Human nature being what it is though means that some people will see the empty lane as a means to get ahead of some of the traffic. These drivers stay in the dropped lane until the barrels force them over. When they finally merge they squeeze into whatever space is available. Usually this will cause the car now behind the just merged car to slow because the comfort zone has been reduced. (Defensive drivers try to keep a safe stopping distance between themselves and the car in front of them at all times.) This has a chain reaction effect on all the vehicles behind them.
When the next person waits until the last minute to merge the effect is compounded and traffic is slowed further. After a while traffic ends up stopping (maybe for only a second or two. . .) and the traffic "slinky" is born. We have all been in traffic on the highway that is stopped wondering how bad the accident just over the next hill is only to start moving at normal speeds again without having observed an accident site, haven't we.
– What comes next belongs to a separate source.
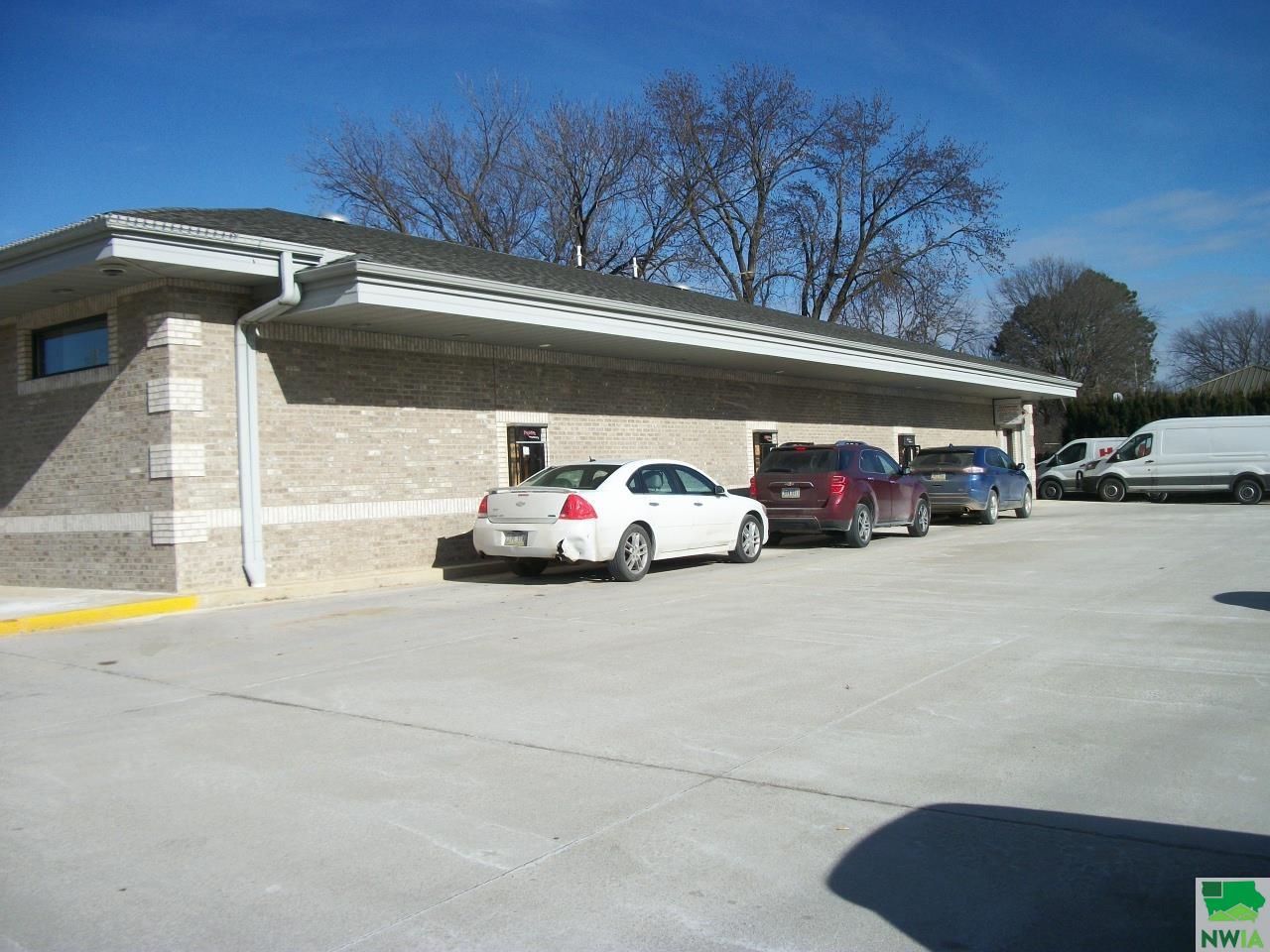MLS #827470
Even if everyone is a good, level-headed, defensive driver the volume of traffic on the highway will create a slinky during peak times, even without a lane reduction, because everyone has a different comfort level. All it takes is one person's "panic brake" in high volume traffic to eventually create the slinky. When this happens on a daily basis I believe it's properly referred to as the "Los Angeles Freeway System". ;-)
Sup3r_hero has it right. The conventional wisdom on how to merge is flat-out wrong. Signs are part of the problem... I'm working on a new idea post laying out Merging 101 in more detail. :-)
establish a standard acceleration rate. when signals turn green, all drivers proceed at the same time and at the standard accleration. Hence no slinky and through put would mostlikely double or triple on a green cycle.